Top of The input

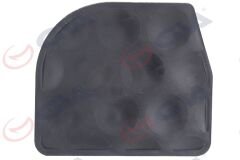 ALT KARTER UÇ MUHAFAZA TAPASI R PASSAT-GVA 9103347-3C0825962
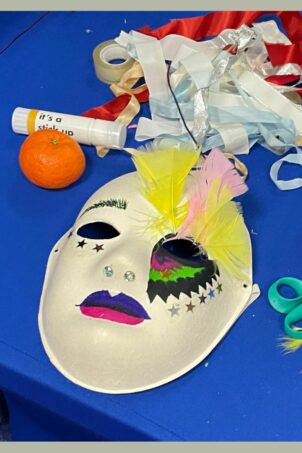 Windrush Activities Day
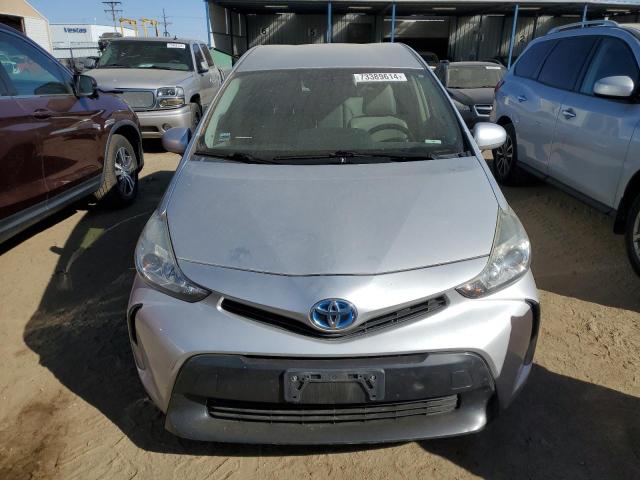 صورة رقم 5 من المزاد - 2015 TOYOTA PRIUS V مع VIN JTDZN3EU2FJ023045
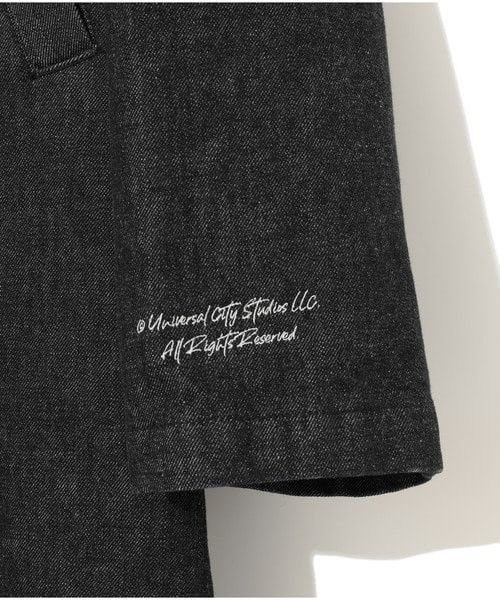 Undercover Undercover 2022 FW "Psychophillia" PSYCHO House Coat Size US L / EU 52-54 / 3 - 8 Thumbnail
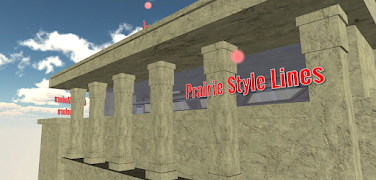 Unity Temple VR screenshot 4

Bottom of The input

**Problem statement**. In your copy of the records, include no pictures; repeat everything else exactly.

**Response to the task**.
 ALT KARTER UÇ MUHAFAZA TAPASI R PASSAT-GVA 9103347-3C0825962
 Windrush Activities Day
 صورة رقم 5 من المزاد - 2015 TOYOTA PRIUS V مع VIN JTDZN3EU2FJ023045
 Undercover Undercover 2022 FW "Psychophillia" PSYCHO House Coat Size US L / EU 52-54 / 3 - 8 Thumbnail
 Unity Temple VR screenshot 4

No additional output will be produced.